La lecture du N°261 des Cahiers de Biothérapie consacré au « Masculin » m’a emmenée au pays des souvenirs.

  1. D’abord, à propos du Dr Pol Henry. à l’occasion d’un congrès d’homéopathie à Strasbourg en 1956, ce médecin homéopathe, passionné par les arbres et leurs pouvoirs, a présenté un travail sur la phyto-embryothérapie.
    Le Dr Julian, esprit ouvert et curieux, fait alors sa connaissance. Très intéressé par les recherches de P. Henry il l’introduit auprès de Jean Tétau alors directeur des laboratoires Dolisos. Ce dernier décide d’entreprendre la réalisation de médicaments selon ses directives.  Cependant, le terme phyto-embryothérapie n’est pas très euphonique. Max Tétau propose la « gemmothérapie », gemme étant le nom latin de bourgeon.
    Max Tétau s’intéresse à la gemmothérapie. Il rédige plusieurs ouvrages à ce sujet avec le Dr Claude Bergeret puis avec le Dr Daniel Scimeca.
  2. Ensuite, à propos du Dr Pierre Benkemoun, médecin homéopathe cité par le Dr Ferrieu dans la bibliographie de son article sur les dysfonctionnements érectiles, il a écrit beaucoup d’articles dans les Cahiers de Biothérapie ainsi que des livres sur le « Masculin ». Il a aussi beaucoup participé au développement de la Société Médicale de Biothérapie et aux réunions d’ « Homéopathie sans Frontières » créées par le Dr Julian.
  3. Enfin, à propos de Platina au « Masculin » on peut citer la pathogénésie hahnemannienne du Dr Julian.
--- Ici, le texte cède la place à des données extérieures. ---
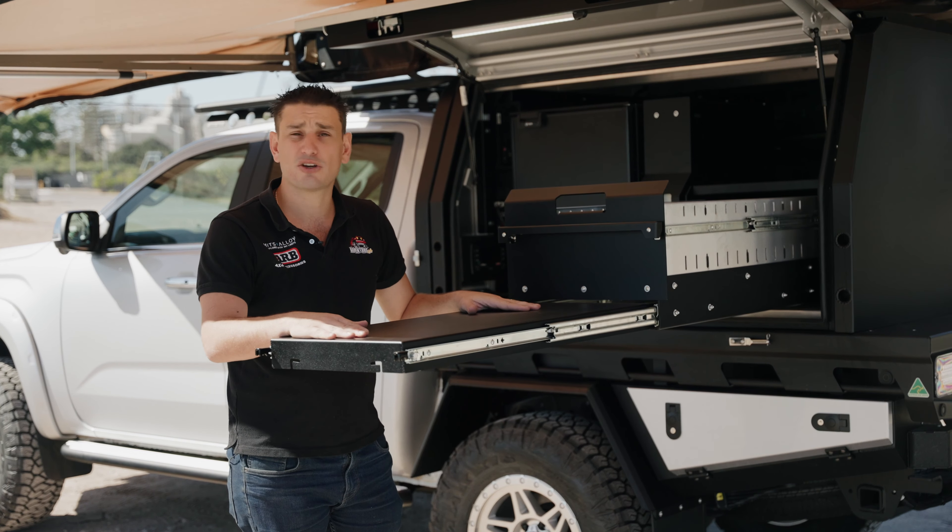Going off-road, one of the most important things we do is adjust our tyre pressures. In order to adjust your tyre pressures, you need to let them down but also pump them back up again. What we love doing is mounting an ARB Twin Compressor — or Twin Compressor with Tank — into the rear toolbox. This utilises that space perfectly. You can fit all your hoses and gauges in here and more recovery gear. Pumping your tyres up is just a matter of pushing a button, and with a 7-metre hose you can reach your trailer tyres as well.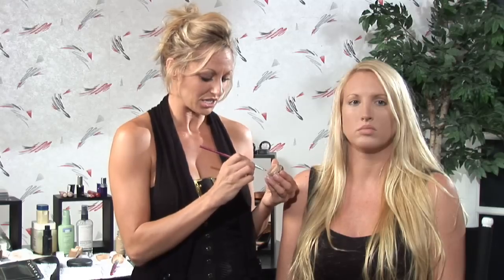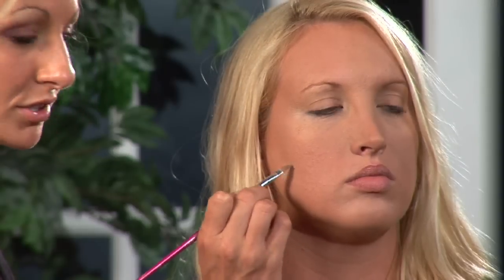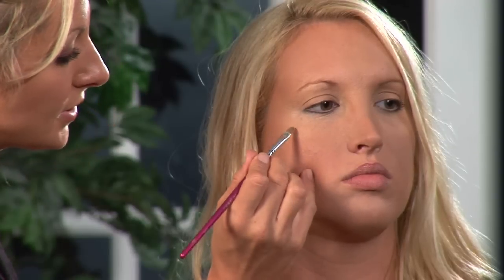So for our model, we've already applied foundation, which is the first step, so now we can see what's left to be covered. We just want to take a little bit on our concealer brush, use our concealer of choice, and go over these little areas. Some textures of concealers work better than others, and we found that this works really well for us. Once it's on, you just do nice short strokes and a light padded motion until it's nice and blended.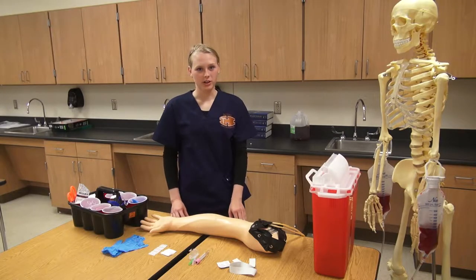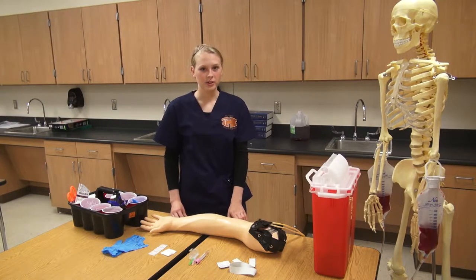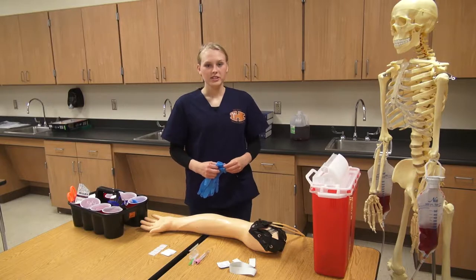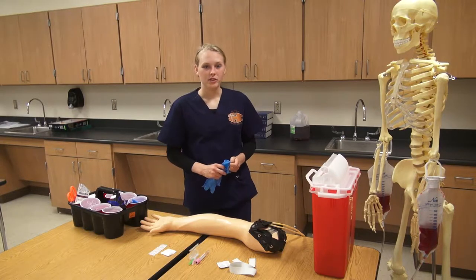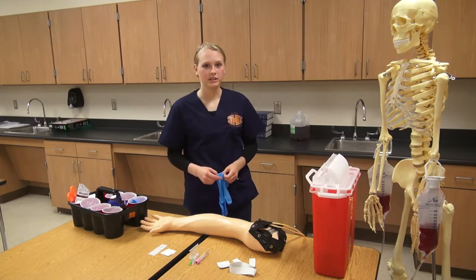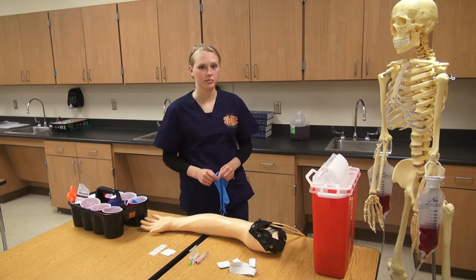Before performing your actual blood draw, you need to make sure that you have identified yourself as the phlebotomist to your patient, confirmed that you have the correct patient, and obtained consent. The first thing you'll do is make sure you have your PPE on, which in this case will just be gloves, as we do not expect any splattering of blood.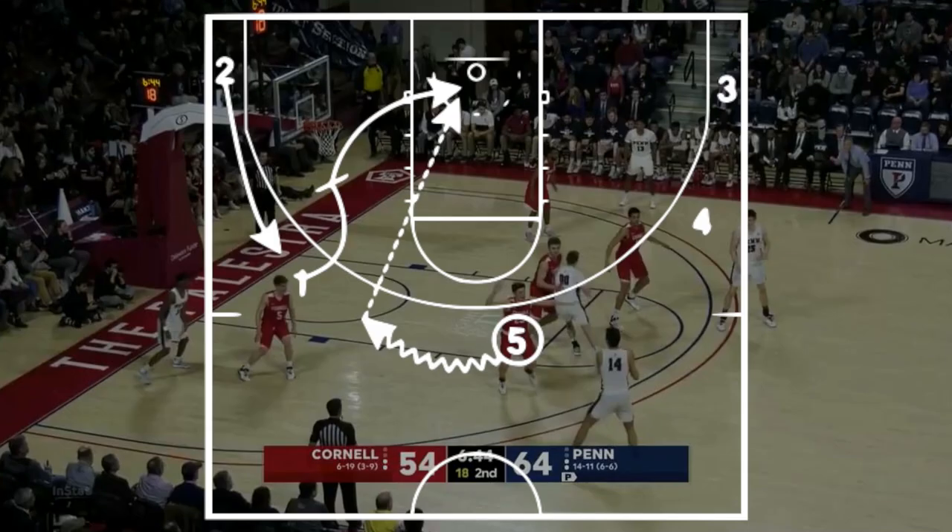Now this last bit is where we're going to get our decoy action. The guard with the ball is going to give it back to the five up top, and then he's going to set a pin down for the man in the corner, who's coming off looking for a dribble handoff from the five.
Cette pathogénésie a été publiée dans les Cahiers de Biothérapie. Vous en trouverez les détails dans le N°74 -supplément-pages 33-39 et dans le N°75 page 27.
Cette pathogénésie a été réalisée grâce à la participation de 21 femmes mais aussi de 34 hommes.


De souvenirs en souvenirs

Quand le Dr Julian s’est installé à Paris en 1959 il avait déjà fondé en 1955 la Société Homéopathique de Normandie avec le concours du Dr Henri Vannier, neveu de Léon Vannier. Cette société regroupait une quinzaine d’homéopathes disséminés dans les diverses villes normandes du Havre à Caen.
Il dirigeait également les Archives Homéopathiques de Normandie où les auteurs normands rapportaient leur expérience de la pratique homéopathique.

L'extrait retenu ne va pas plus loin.